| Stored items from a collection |

• • •

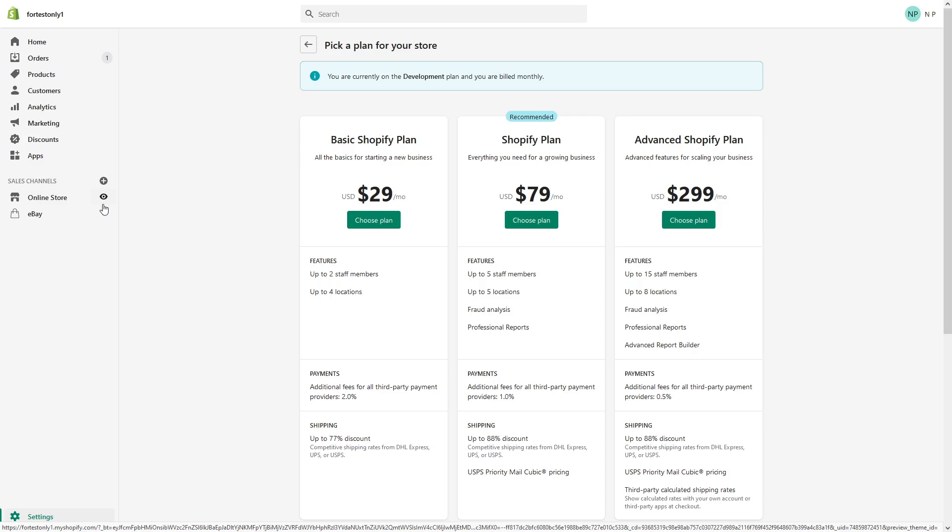Hi, in this video I would like to quickly show you how you can change the Shopify plan, whether you would like to cancel, pause, or upgrade. But before proceeding, I would like to give a very quick note.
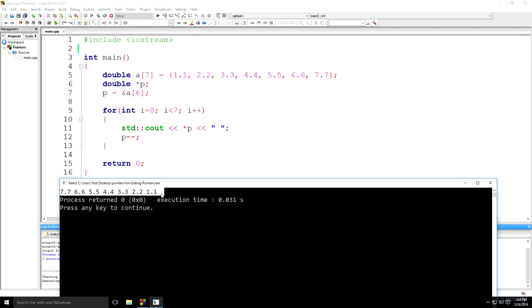This program will, in fact, compile and work as expected. But what we have done is basically not allowed because after the end of the loop, pointer p points to the place in front of the first member of the array. And by C++ language standards, this is not allowed because the operating system has the right to terminate the operation of this program. I mean, this is not exactly going to happen, but there is a chance that it will happen.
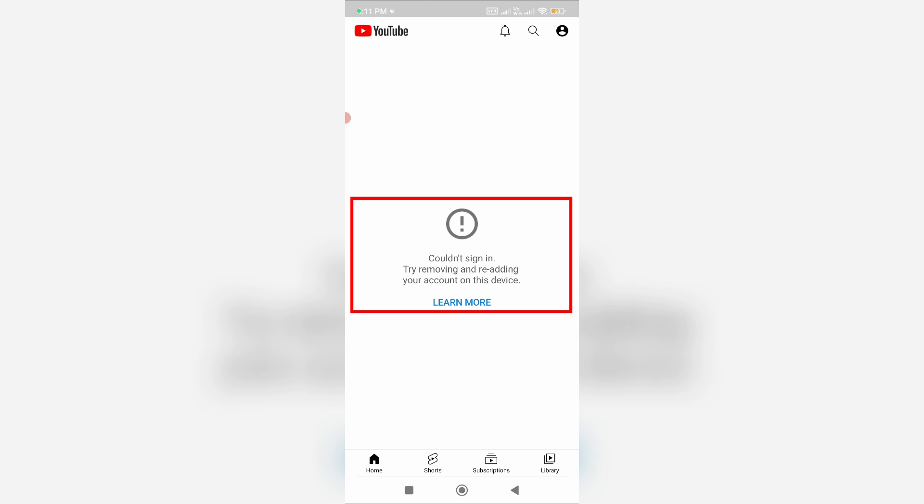It also shows another error message: 'Could not sign in. Try removing and re-adding your account on this device.' So how to fix this issue?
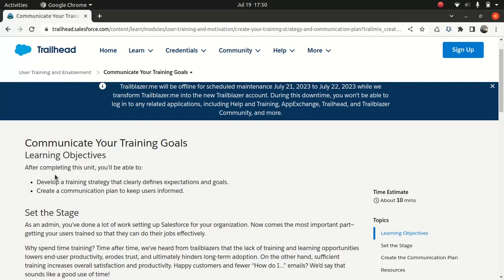So obviously user training is very important, because when you implement a software, it doesn't matter Salesforce or SAP or NetSuite or whatever, you need to train your users. And that's very important. Now from a Salesforce perspective, if you implement a functionality, let's say an insurance functionality under Salesforce, you obviously want the users to get trained on how to use the functionality.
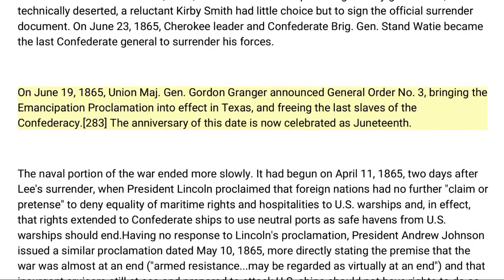On June 23, 1865, Cherokee leader and Confederate Brigadier General Stand Watie became the last Confederate general to surrender his forces. On June 19, 1865, Union Major General Gordon Granger announced General Order Number Three, bringing the Emancipation Proclamation into effect in Texas and freeing the last slaves of the Confederacy. The anniversary of this date is now celebrated as Juneteenth. The naval portion of the war ended more slowly.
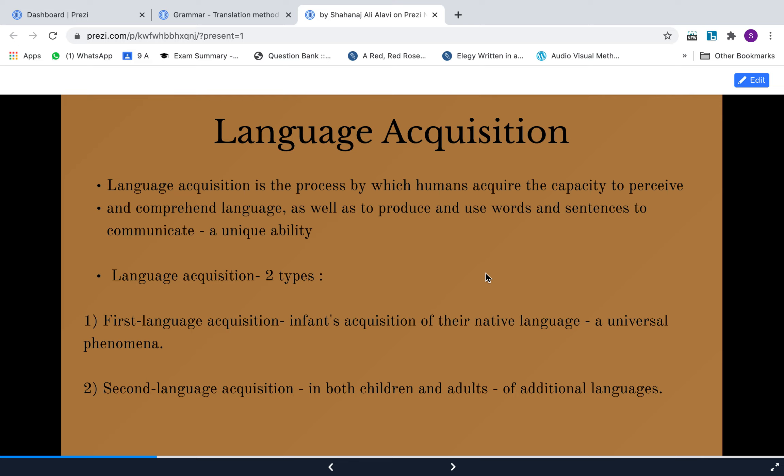Language acquisition. We have already seen the difference between language acquisition and language learning. Now we are going to see this process of language acquisition in depth. Language acquisition is the process by which humans acquire the capacity to perceive and comprehend language, as well as to produce and use words and sentences to communicate. It is a unique ability.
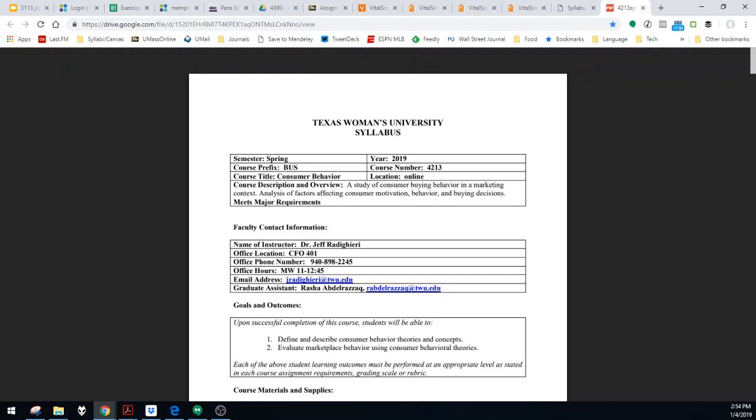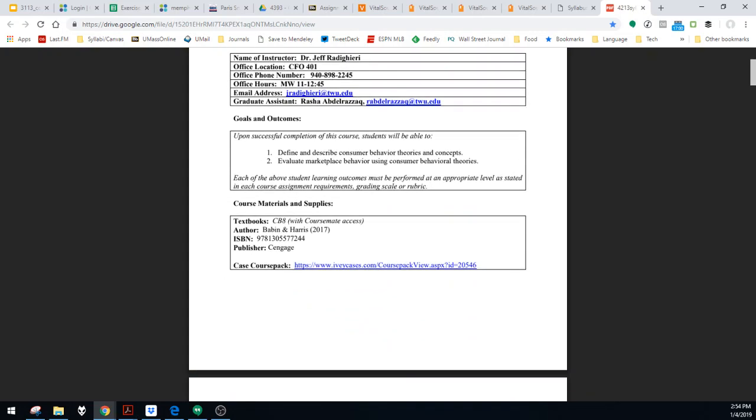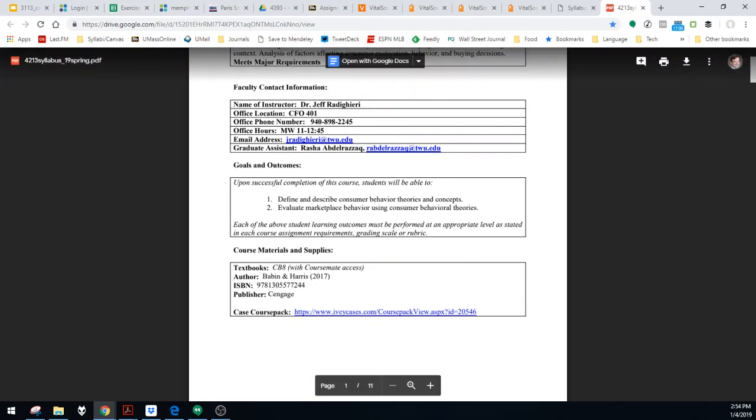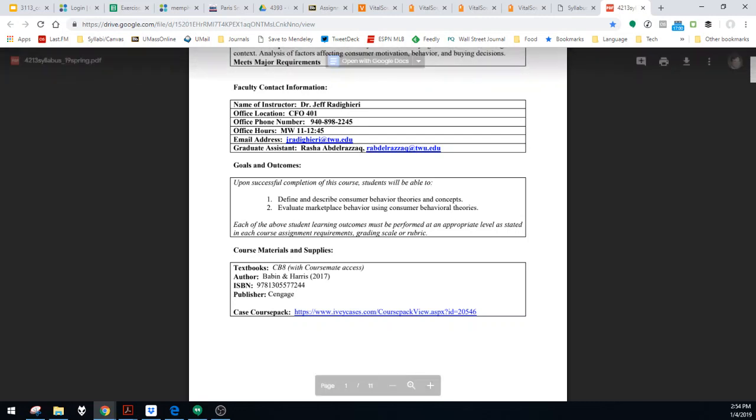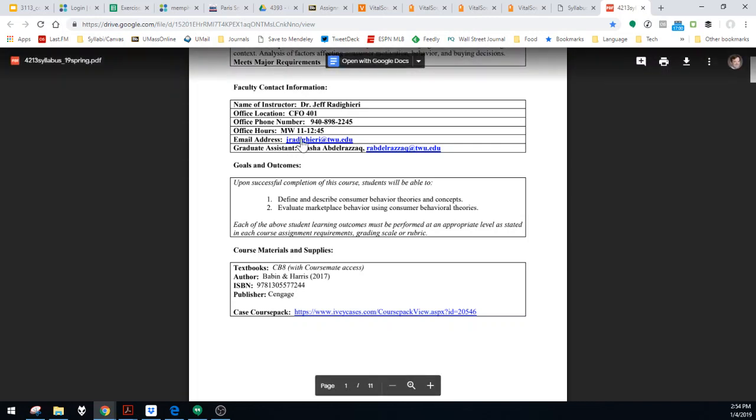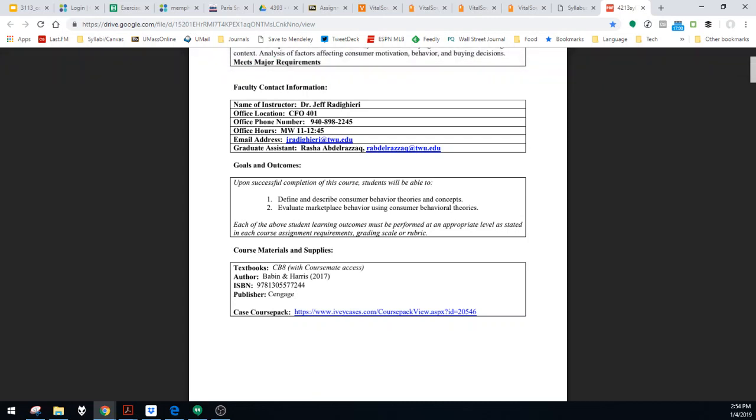All right. Here's the syllabus. Let's go through it real quickly. Not much in terms of surprise here. It's an online course. Here are my contact details. My office is in CFO 401. So if you're ever on campus and you want to talk to me, this is the place to go. There's my office phone number. I only answer it during office hours, which are Monday, Wednesday, 11 to 12:45. So don't call me unless it's during office hours or you don't expect an immediate call back. The easiest thing to do is just to email me. Here's my email address. I try to respond as soon as I can, but generally that's 24 to 48 hours. So don't email me late at night expecting me to respond to your email in two minutes. It's just not going to happen. Here's my grad assistant's email address. Her name is Rasha. She will be grading all of your assignments. So if you have questions about grading, ask her. Don't ask me because I'm just going to refer you to her.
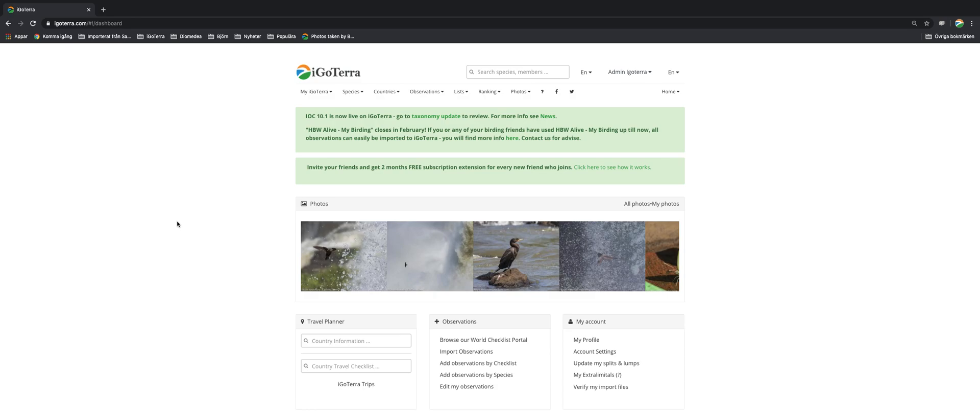Hi and welcome to this video tutorial from the iGOTERA team. I'm going to show you how you can import observation data from your currently used software. It could be a personal Excel sheet or it could be any other wildlife or birding software.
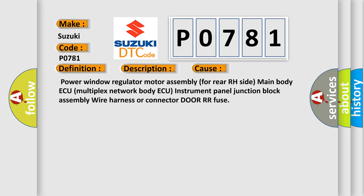Power window regulator motor assembly for rear RH side, main body AQ multiplex network body AQ, instrument panel junction block assembly, wire harness or connector, or RR fuse.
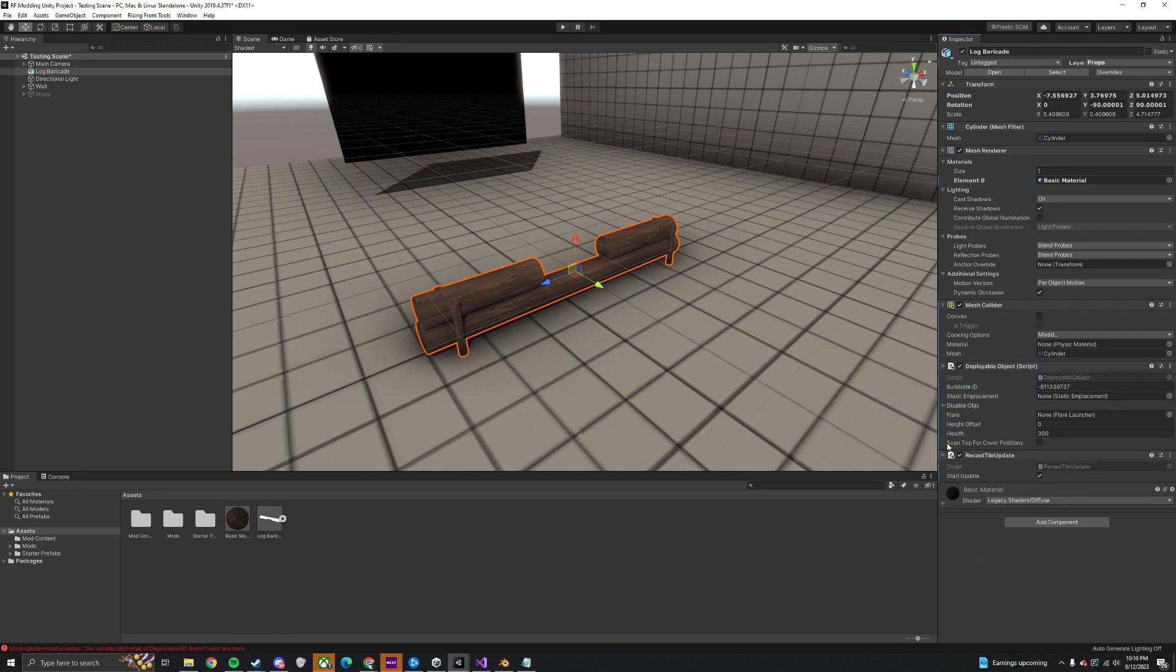If your object is a platform you want the game to scan for cover positions, click this box. In our case we will leave it off.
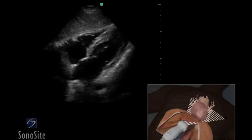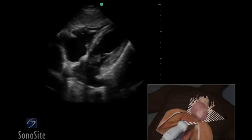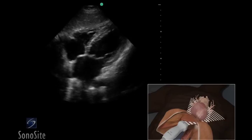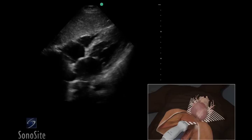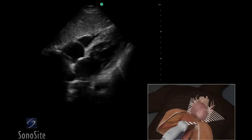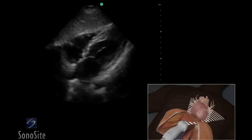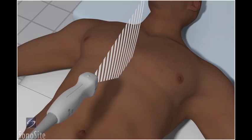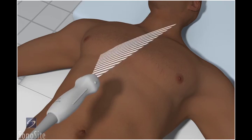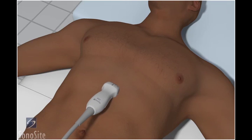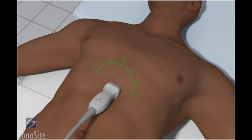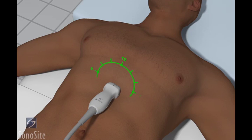A phased array transducer with a cardiac exam type is used to perform the subxiphoid or subcostal view of the heart. Place the transducer in the subxiphoid position with the transducer orientation marker to the patient's left side at a 3 o'clock position.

• • •

| Work to complete |
Output exactly the lines above, from the line with "So obviously user" to the line with "Language acquisition. We", both included; skip the pictures.

| Response for this exercise |
So obviously user training is very important, because when you implement a software, it doesn't matter Salesforce or SAP or NetSuite or whatever, you need to train your users. And that's very important. Now from a Salesforce perspective, if you implement a functionality, let's say an insurance functionality under Salesforce, you obviously want the users to get trained on how to use the functionality.
On June 23, 1865, Cherokee leader and Confederate Brigadier General Stand Watie became the last Confederate general to surrender his forces. On June 19, 1865, Union Major General Gordon Granger announced General Order Number Three, bringing the Emancipation Proclamation into effect in Texas and freeing the last slaves of the Confederacy. The anniversary of this date is now celebrated as Juneteenth. The naval portion of the war ended more slowly.
Language acquisition. We have already seen the difference between language acquisition and language learning. Now we are going to see this process of language acquisition in depth. Language acquisition is the process by which humans acquire the capacity to perceive and comprehend language, as well as to produce and use words and sentences to communicate. It is a unique ability.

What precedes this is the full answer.